Network Troubleshooting Workflow
When network connectivity fails, work through a systematic approach. First verify local config with ip addr and ip route. Test local network with ping to your gateway IP. Test internet connectivity with ping 8.8.8.8. If that works but hostnames fail, test DNS with dig google.com or nslookup google.com. If the host is reachable but a port is not responding, test with nc -zv hostname 80 or telnet hostname 80. Use traceroute hostname to trace where packets are being dropped. Use ss -tulnp to see all listening services on the local machine — useful for verifying that a service is actually bound to the expected port.
Practice Exercise
Use ss -tulnp to list all listening services. Identify three services by their port numbers. Use curl -I https://google.com to make an HTTP request and examine response headers. Practice the full troubleshooting workflow: check IP, check routing, ping gateway, ping internet IP, test DNS. If you have a cloud VM, set up SSH key authentication — copy your public key to ~/.ssh/authorized_keys on the server and verify passwordless login works before disabling password authentication.
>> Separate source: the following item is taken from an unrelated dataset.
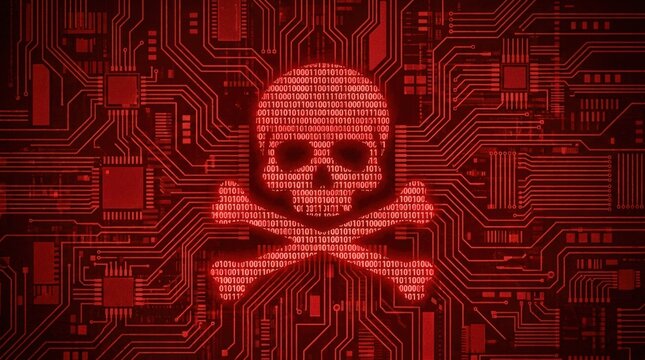 Digital Skull and Crossbones Symbol on Red Circuit Board Background.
Linux in Your Daily Engineering Practice
Linux command-line proficiency is not something you learn once and then stop improving. It is a skill that deepens continuously as you encounter new tools, new use cases, and new problems to solve. The engineers who are most effective at the command line did not become that way by reading comprehensive guides — they became that way by spending years solving real problems at the terminal, gradually accumulating a toolkit of commands, aliases, scripts, and muscle memory. The best approach is to use Linux for real work as much as possible, to look up better ways to do things you already do, and to make note of efficient patterns you observe in others' work. Over time, the terminal becomes faster than any GUI for the tasks you do repeatedly.